Il se rappelle il y a plus de 20 ans, Bourguiba était encore là, il y avait eu à Marseille sur le Vieux Port (sur le Vieux Port ou devant le consulat ? il a un doute) un rassemblement de soutien qui était peu fourni. Ce n’était pas la peur alors qui retenait les gens, sans doute le sentiment que cela ne servait à rien de s’agiter ici, de l’autre côté de la Méditerranée.

Il se rappelle un peu plus tard les rassemblements des années de plomb, un plomb qui était de plus en plus lourd. Ces rassemblements où les flics en civil étaient parfois plus nombreux que les manifestants, surtout quand ces rassemblements avaient lieu devant le consulat.

Il se rappelle cette fois où, à l’issue de l’un de ces mouvements, un homme resté à l’écart un peu plus bas dans la rue, lui avait glissé rapidement à l’oreille en arabe un « merci pour votre courage », message
qu’il avait dû se faire traduire lui qui ne l’était pas !

Il se rappelle les intimidations et menaces, ici sur le sol français et en toute impunité, de sbires du pouvoir envers les tunisiennes et tunisiens qui osaient relever la tête. L’agression de Jelloul, militant franco-tunisien marseillais alors connu et reconnu, un soir en rentrant chez lui. Agression qui avait fait l’objet d’une plainte une fois de plus classée sans suite.

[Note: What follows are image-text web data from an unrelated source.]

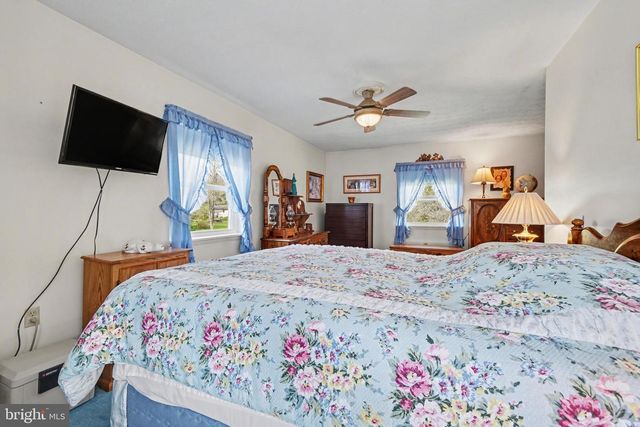 111 DORSEY LN, Dillsburg, PA 17019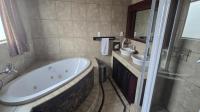 Main Bathroom of property in The Wilds Estate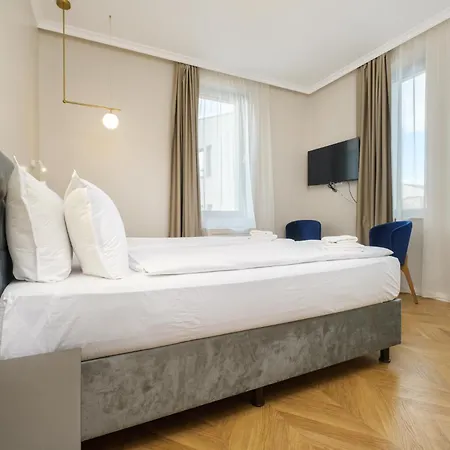 The House Of Pom Apartment *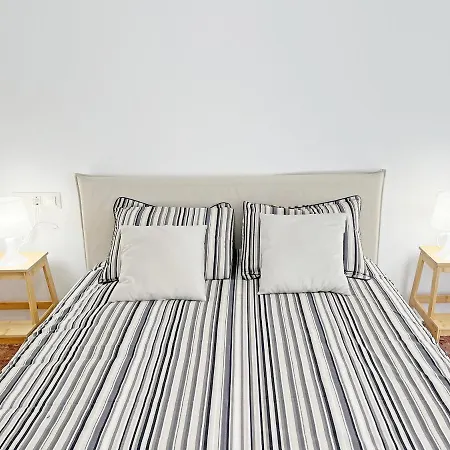 Global Properties, De 3 En Apartment *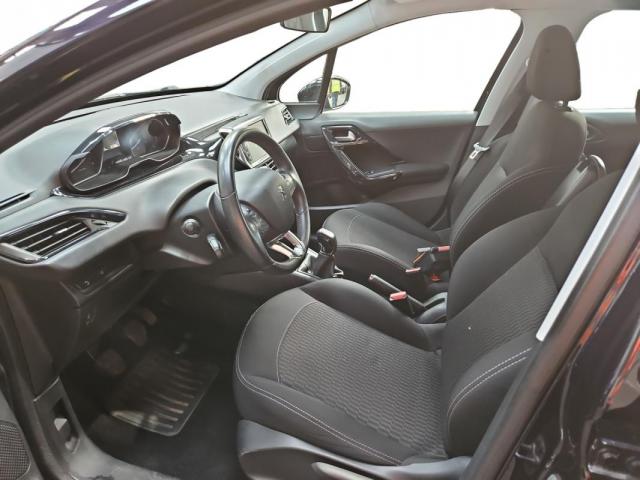 Peugeot 208 image 4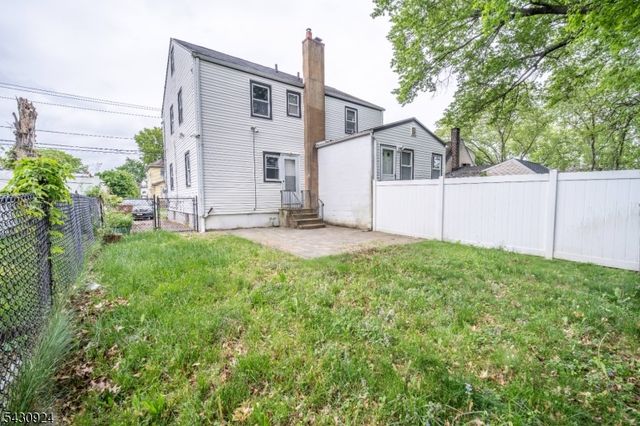 909 Lincoln St, Linden City, NJ 07036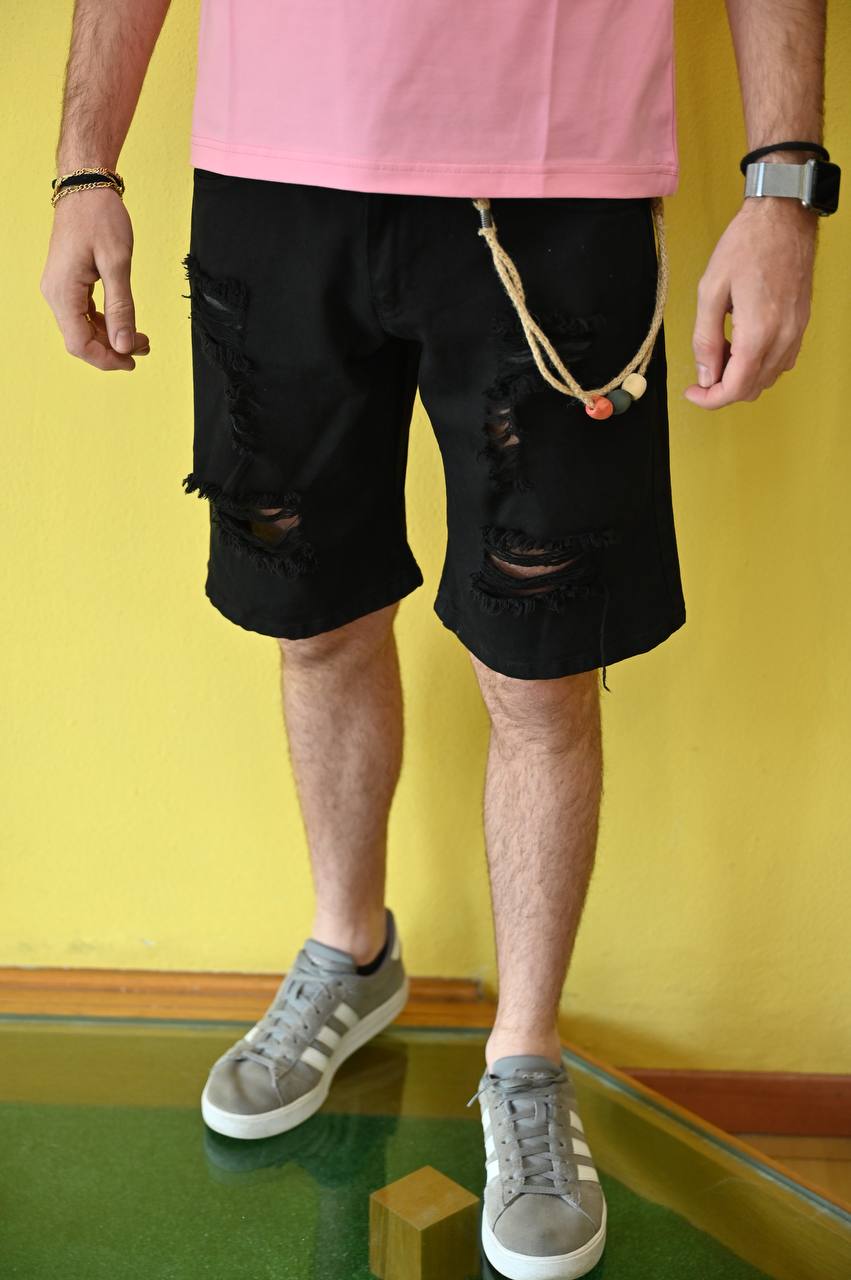 Bermuda nero con strappi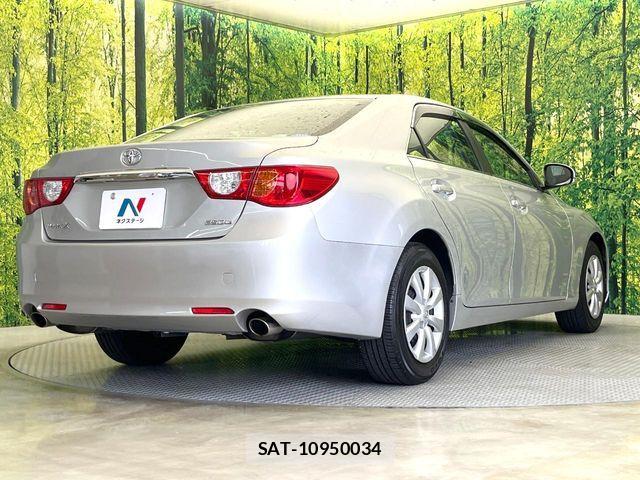 Toyota MARK X 2011-02 7962493-16
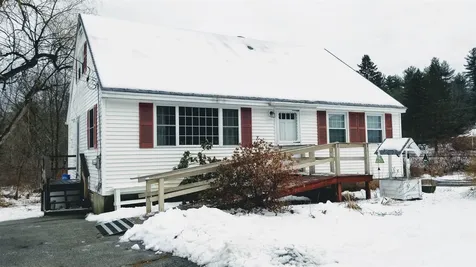 18 Curtis Lane Bedford NH 03110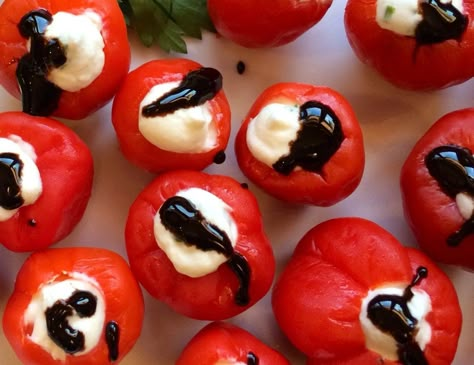 Stuffed Peppadew, Peppadew Peppers, Olive Bar, Creamy Goat Cheese, Bite Size Snacks, Light Appetizers, Goat Cheese Recipes, Stuffed Mini Peppers, Holiday Appetizer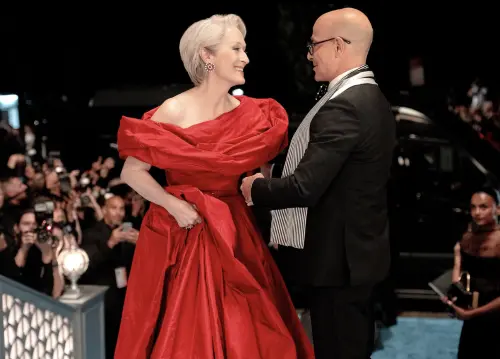 ▲《穿著Prada的惡魔2》爭取到比上極高很多的預算，場面比首集更具華麗氣派。（圖／摘自IMDb）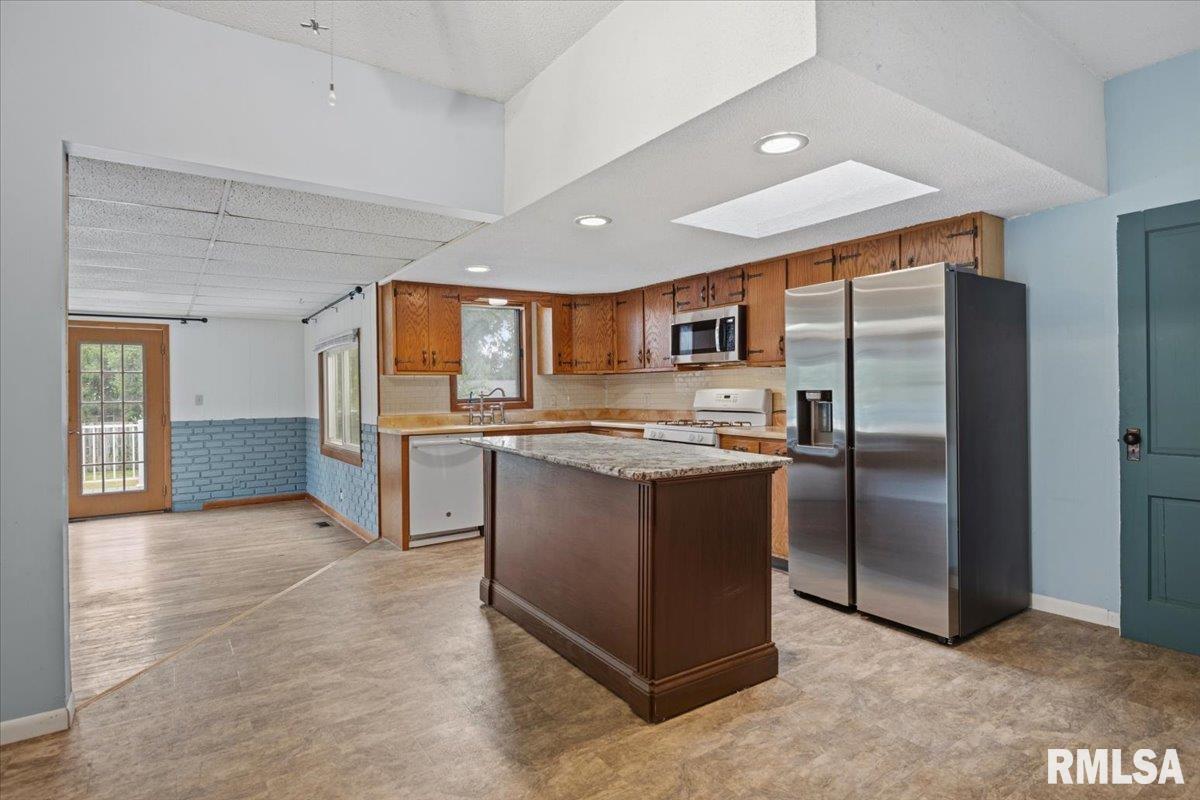 115 S Oak Street, Chatham, IL, 62629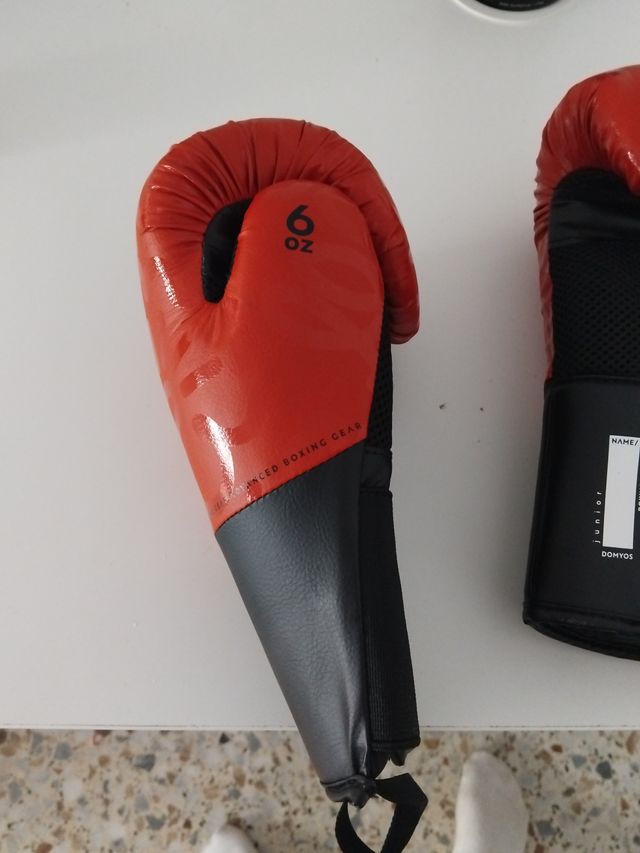 Guantoni da boxe rossi e neri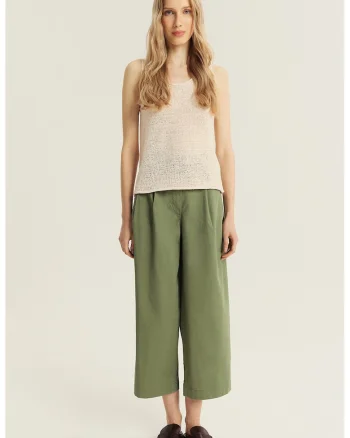 Pantaloni crop ampli cu pliuri frontale, Verde feriga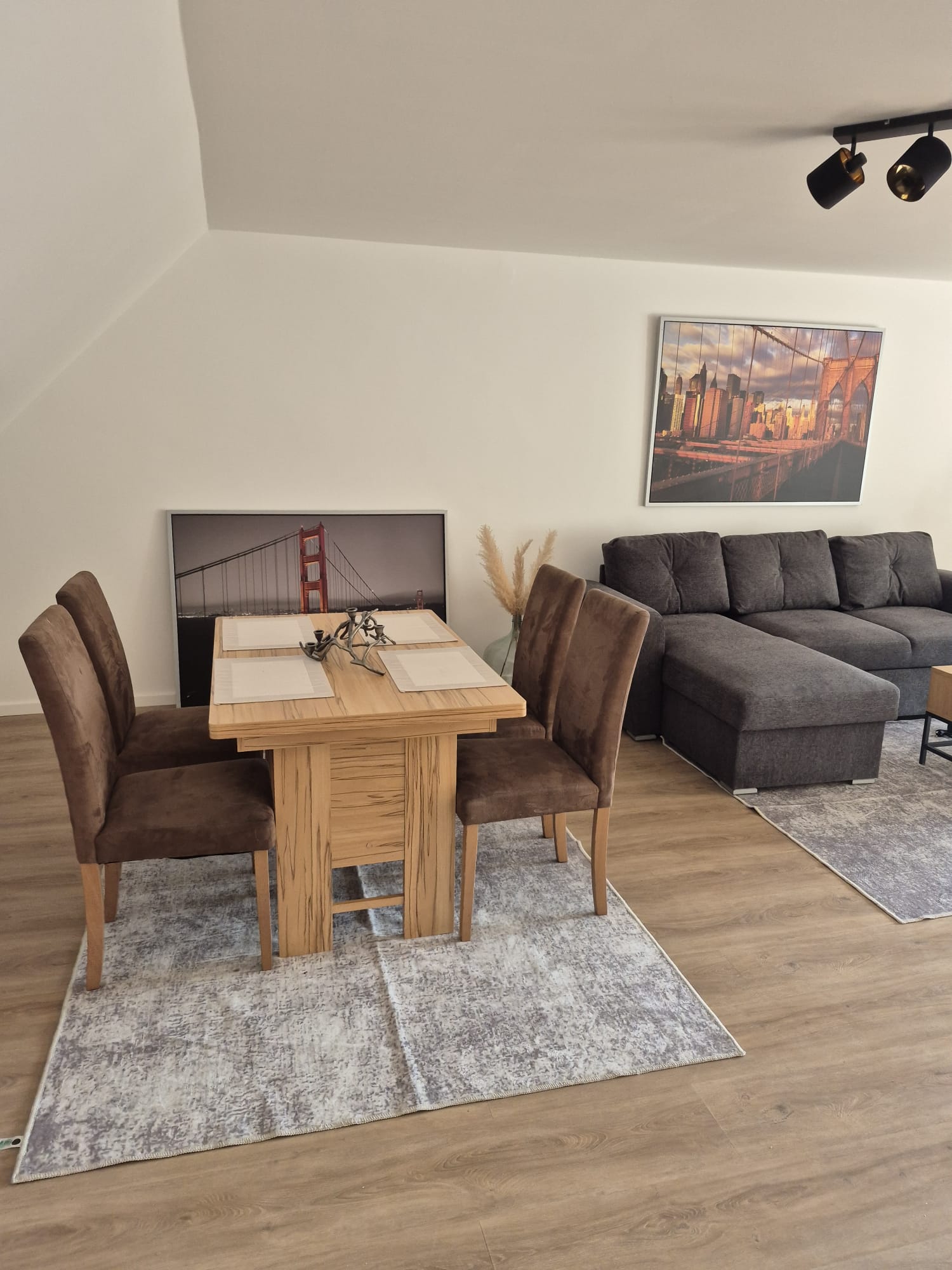 Monteurwohnung: Wohnzimmer - Monteurwohnung Hatzenport
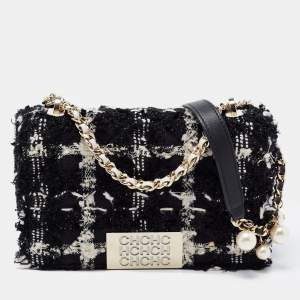 Pre Owned CH Carolina Herrera Black/White Tweed Flap Shoulder Bag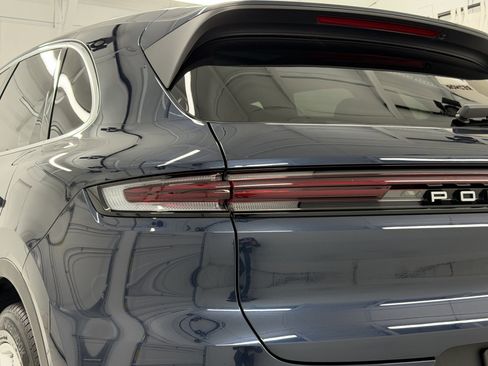 Certified 2024 Porsche Cayenne image 18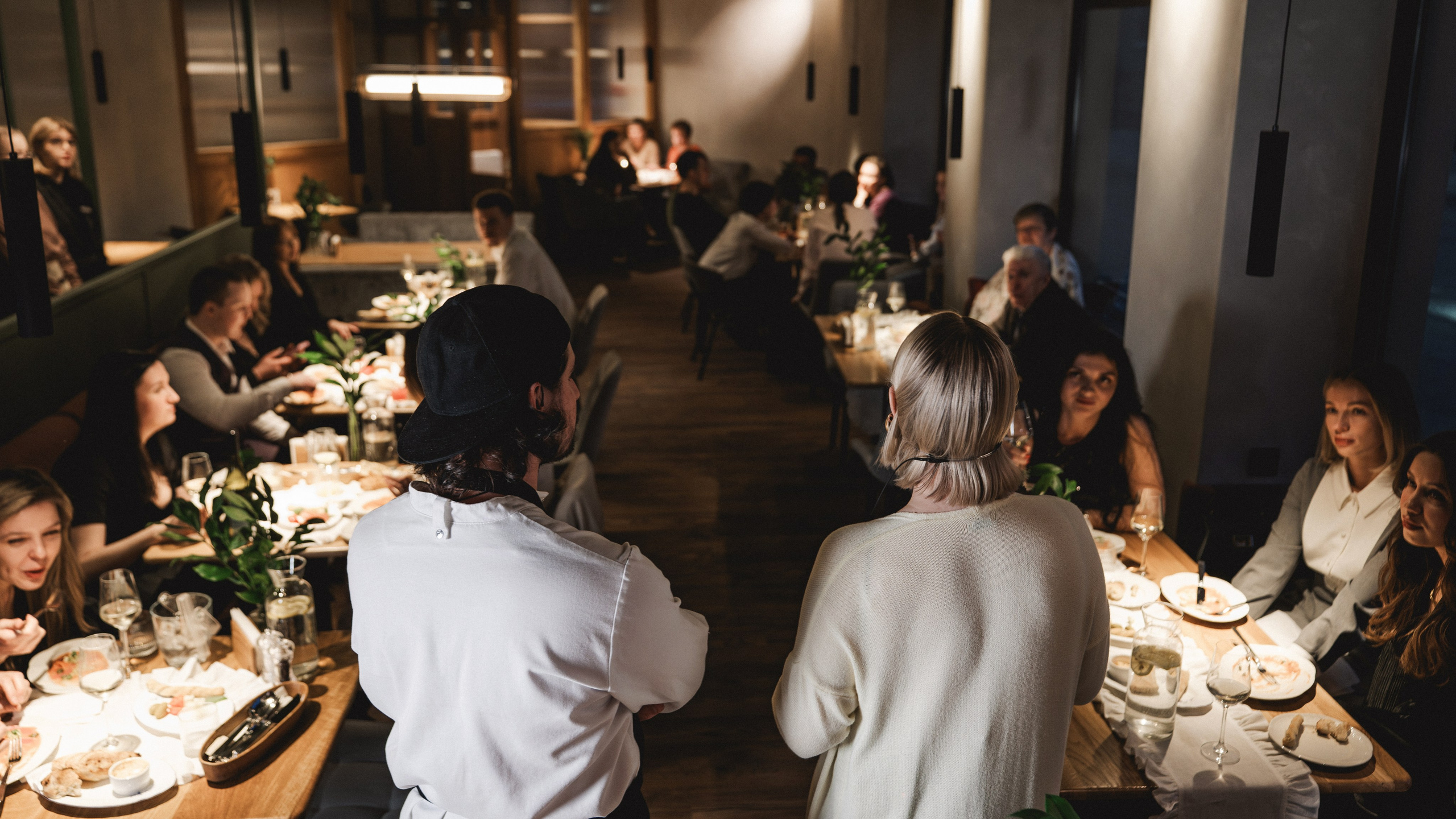 Гоствевой ужин в «Тепло» паста-бар. Фотограф Великий Новгород Артем Чернецкий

Il se rappelle l’affaire Mammeri, du nom de ce jeune marseillais franco-tunisien emprisonné en Tunisie où il se rendait pour voir sa famille et accusé par le pouvoir tour à tour ou tout à la fois de trafic de drogue et d’activisme islamiste. Ah ! l’islamisme comme c’est pratique ! La presse de l’époque avait accueilli avec des pincettes et scepticisme les dénégations du comité de soutien.
Comme toujours en pareil cas.
La propagande des pouvoirs de ces dernières décennies, qui s’est saisie de l’argument religieux pour justifier les guerres impériales de notre temps a fini par convaincre que dans chaque musulman se tapit un dangereux terroriste fanatisé prêt à bondir à tout moment.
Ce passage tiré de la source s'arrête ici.